Of course, no one has a crystal ball that can see all and tell you without any doubt what the future holds for interest rates. Anyone who claims to have this special insight or knowledge should be viewed with healthy skepticism, as the best and brightest minds in the financial markets are often wrong in their predictions.
Historically, there has been a strong correlation between the interest rate or yield on the 10-year Treasury bond and the movement of daily mortgage rates. Typically, as bond rates go up or down, mortgage rates tend to move up or down with them. The interest rate for the 10-year Treasury bond can be found in the business section of your newspaper or on the Internet. Investors often buy government bonds in times of economic uncertainty as safer investments than stocks, driving yields down. Conversely, when smoother economic times return and bonds are less attractive as investments, interest rates on those bonds go up to lure investors.
The currently low mortgage interest rates are a direct result of investors seeking safer haven after a brutal decline in the stock markets during 2008. Any negative factor that adversely affects the economy typically results in lower interest rates. The lesson here is: Bad news for the American economy is good news for interest rates.
Throughout the mortgage crisis this correlation in rates has remained strong, although the spread between the interest rate offered on the 10-year Treasury bonds and the interest rates on mortgages has increased greatly. This is because of the widely publicized poor performance of many mortgages and the lack of demand for mortgage-backed securities. The federal bailout has helped by guaranteeing the purchase of mortgage-backed securities and keeping interest rates low while increasing liquidity in the markets. Without this intervention, mortgage interest rates would be higher and the spread between the 10-year Treasury bonds and daily mortgage rates even greater.

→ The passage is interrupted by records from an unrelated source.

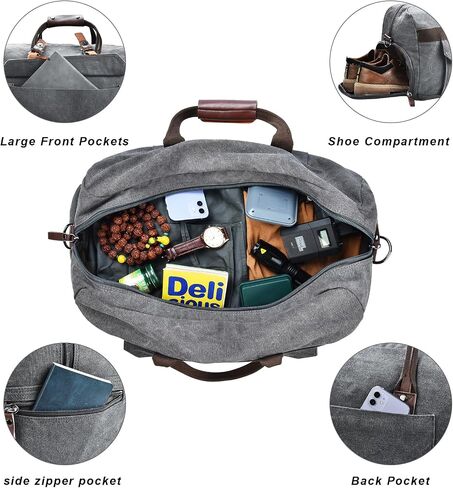 Dimayar Duffle Bag for Men,Leather Canvas Travel Duffel Bags,Overnight Weekender Carry on Luggage Bag with Shoes Compartment and Adjustable Strap Grey in Saudi Arabia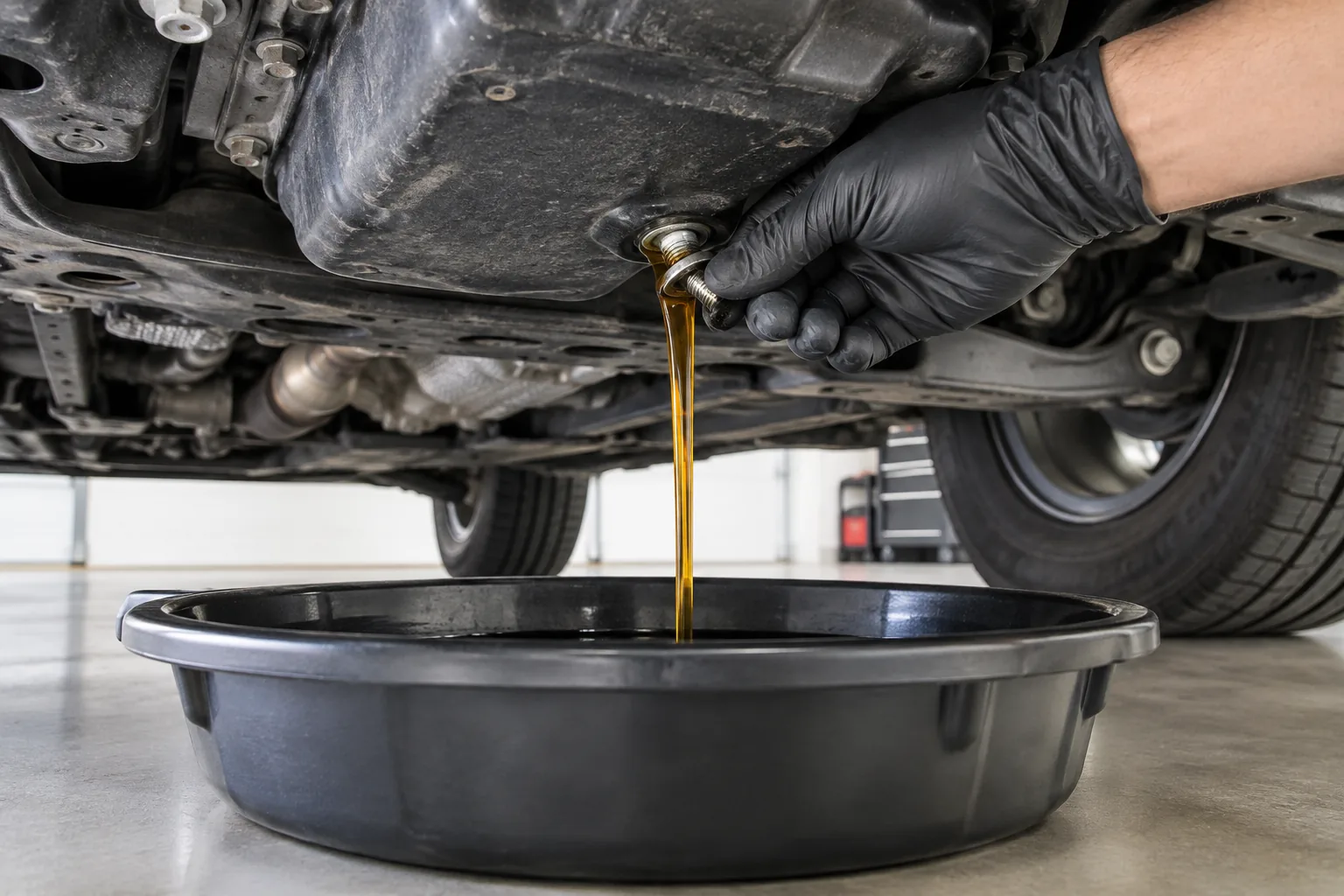Hand removing the oil drain plug on an Acura MDX over a low-profile drain pan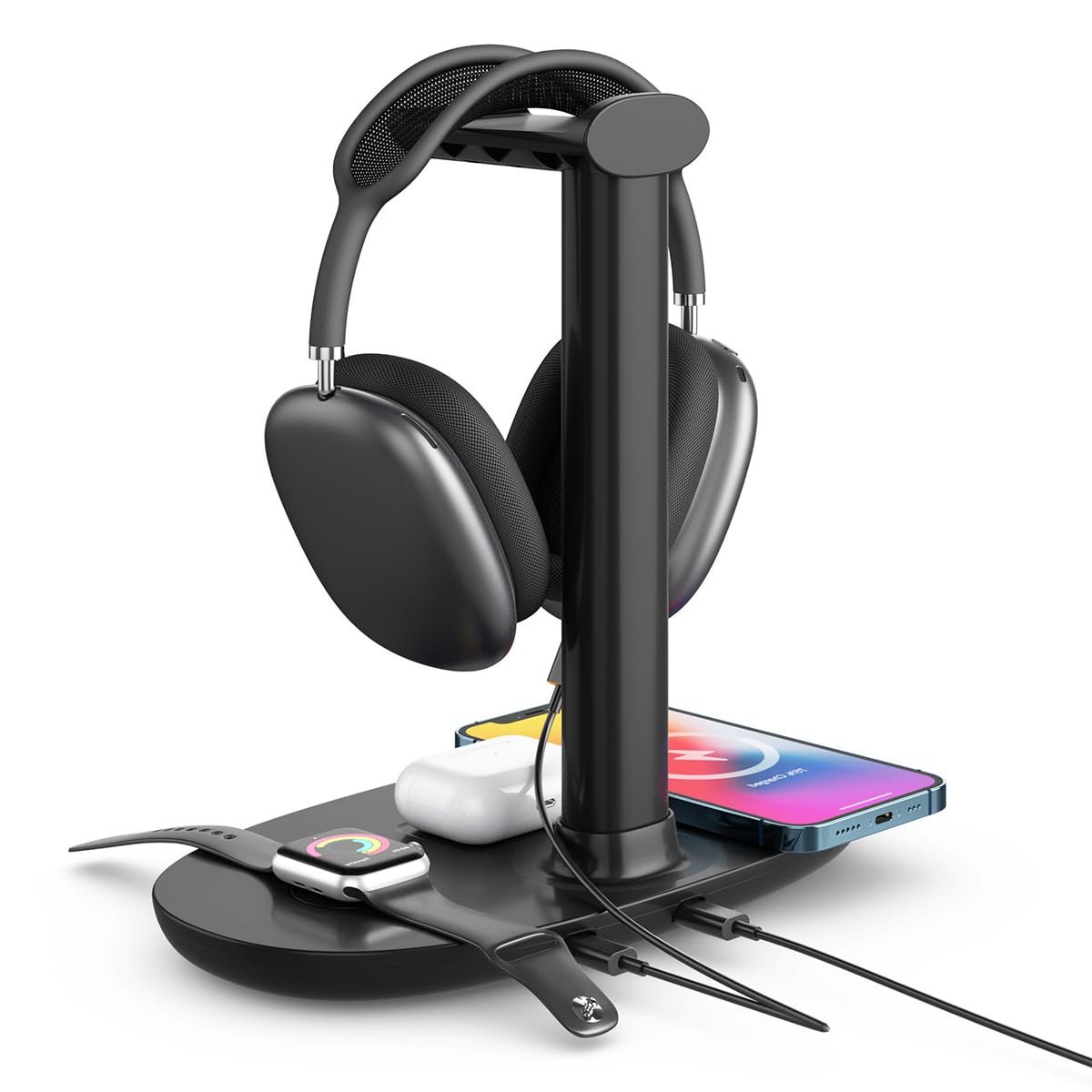 Stazione di Ricarica Wireless 4 in 1 con Supporto per Cuffie per Smartphone, Orologi Intelligenti, Cuffie Wireless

What is the answer to the original question, concerning the future movement of interest rates? Our current economy is still fundamentally weak with consumer spending and economic growth declining and unemployment and business closings steadily rising. If the nation sees more of the economic pain that 2008 had to offer, interest rates might hold at current levels or decrease. But if the economy improves and the new administration’s stimulus packages spur growth in 2009, mortgage interest rates just might increase.